La mise en place de ce mécanisme a surtout donné l'occasion aux ministres des finances de l'ASEAN d'échanger des informations et de discuter des situations économiques. Fait majeur, le principe de surveillance par les pairs est maintenant admis et mis en pratique, et enfin, le dialogue a été élargi au format ASEAN + 3.
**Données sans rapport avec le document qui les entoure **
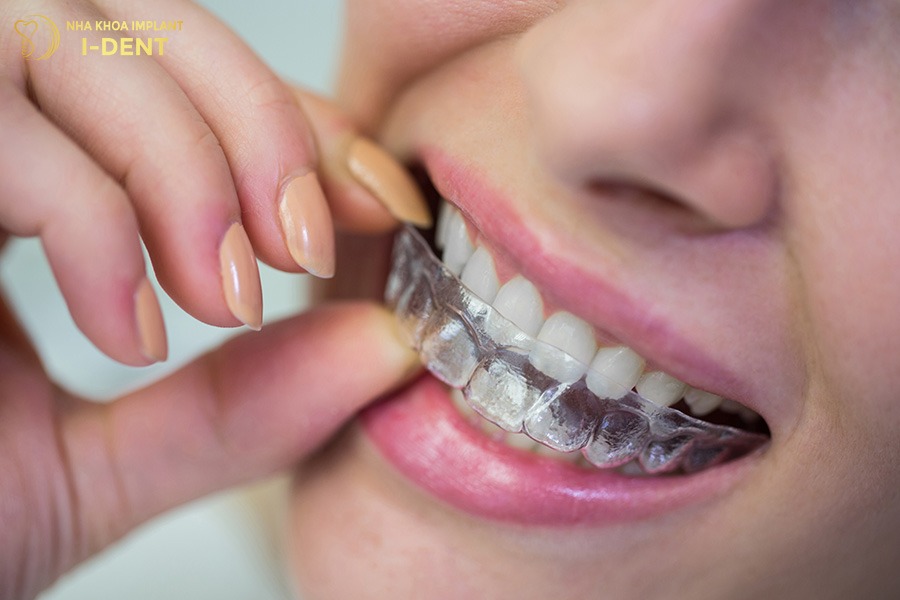 tác hại của niềng răng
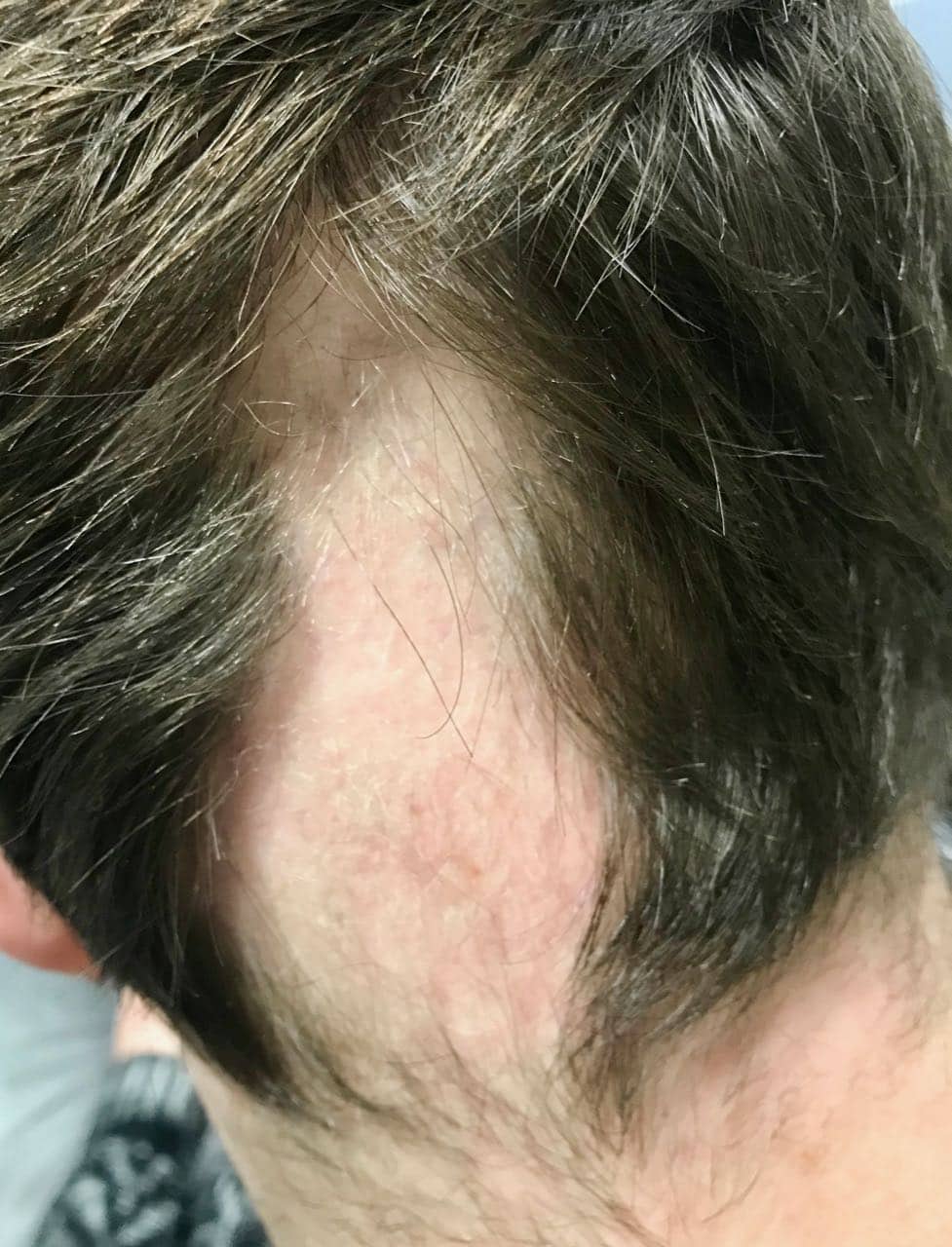 alopecia areata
Récemment, en mai 2000, l'initiative de Chiang Mai, approuvée par les chefs d'Etat et de gouvernement en marge du sommet de l'ASEAN en novembre dernier, élargit à l'ensemble des Etats membres de l'ASEAN + 3, l'accord d'échanges de devises conclu en 1997, et dispose de ressources financières significatives. L'initiative de Chiang Mai constitue une étape importante dans le renforcement de la coopération financière régionale. Elle la rend à la fois significative sur le plan financier et crédible sur le plan politique en associant les trois grandes puissances de la région. Elle devrait avoir un véritable effet dissuasif sur les spéculateurs et améliorer la défense des devises asiatiques.
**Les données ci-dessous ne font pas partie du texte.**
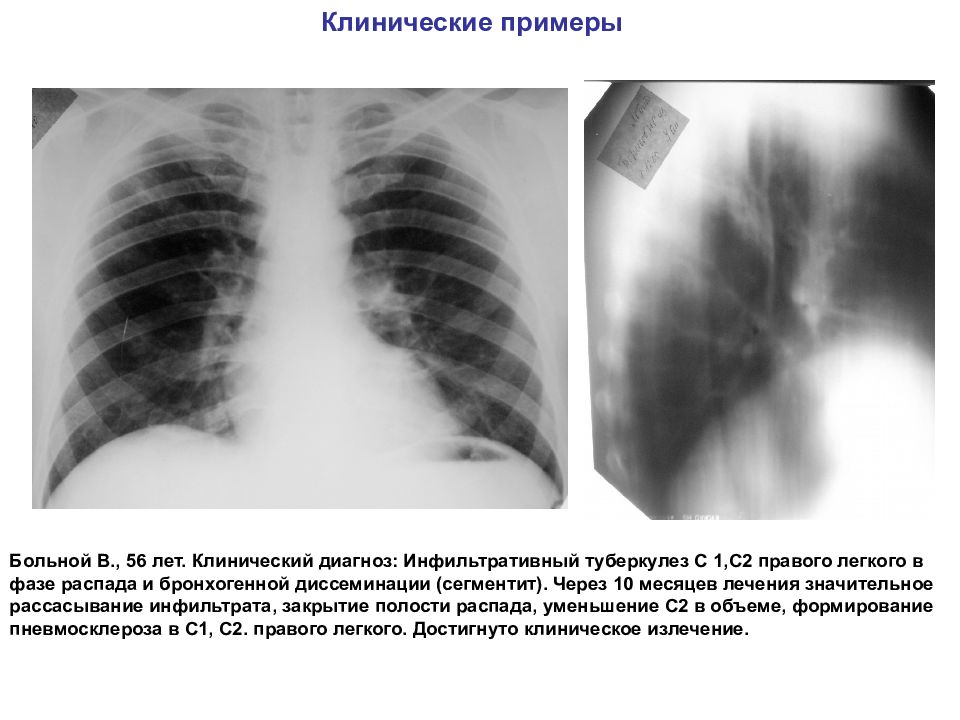 Клиническая картина инфильтративного туберкулеза легких характеризуется обычно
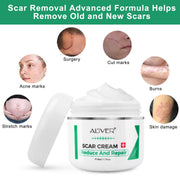 Aliver Treatment Scar Remove Cream for Body Face Skin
3. L'échec de Seattle a été un autre aiguillon à l'intégration économique et commerciale
La croissance économique des pays d'Asie de l'Est est très fortement dépendante de l'expansion de leurs exportations. Mes collègues japonais m'ont encore rappelé combien il était vital pour les pays d'Asie d'obtenir un accès plus large aux marchés étrangers.
L'échec de Seattle pousse donc les pays asiatiques à renforcer leur coopération économique et commerciale. Comme j'ai pu le constater lors de mes récents entretiens, le Japon, mais aussi la Corée semblent maintenant acquis au principe du régionalisme et à la signature d'accords bilatéraux.
A l'initiative de la Chine, les chefs d'Etats des treize pays de la zone ont, en novembre dernier, décidé d'examiner la faisabilité économique et sociale d'une "zone de libre échange et de libre investissement" pour l'Asie de l'Est, qui associerait probablement Hong-Kong. Un groupe de travail, créé à cet effet, devrait rendre ses conclusions à l'occasion du septième sommet de l'ASEAN.
Certes, ce projet, d'ores et déjà présenté par la presse comme le " pacte de l'Asie de l'Est ", nécessitera de nombreux efforts de la part de l'ensemble des pays de la région. L'ambition même du programme l'inscrit dans un horizon de long terme de dix à vingt ans. Le Japon insiste sur la nécessité de renforcer d'abord les liens entre l'ASEAN et chacun de ses trois partenaires. La Chine serait, quant à elle, favorable à la constitution, dans un premier temps, d'une zone de libre échange avec l'ASEAN.
Comment doit-on lire l'émergence de la zone ASEAN+3 ? S'agit-il d'une réponse aux difficultés de l'ASEAN ? Je dirais plutôt que les progrès réalisés par l'ASEAN pour consolider son intégration économique régionale joueront un rôle décisif pour l'avenir de la zone ASEAN +3.
L'ASEAN doit être capable d'intégrer des économies aux niveaux de développement très différents depuis l'adhésion du Vietnam en 1995, de la Birmanie et du Laos en 1997 et enfin du Cambodge en 1999. Parmi ses dix membres, l'ASEAN compte désormais trois pays -le Laos, la Birmanie et le Cambodge- qui entrent dans la catégorie des " pays les moins avancés ".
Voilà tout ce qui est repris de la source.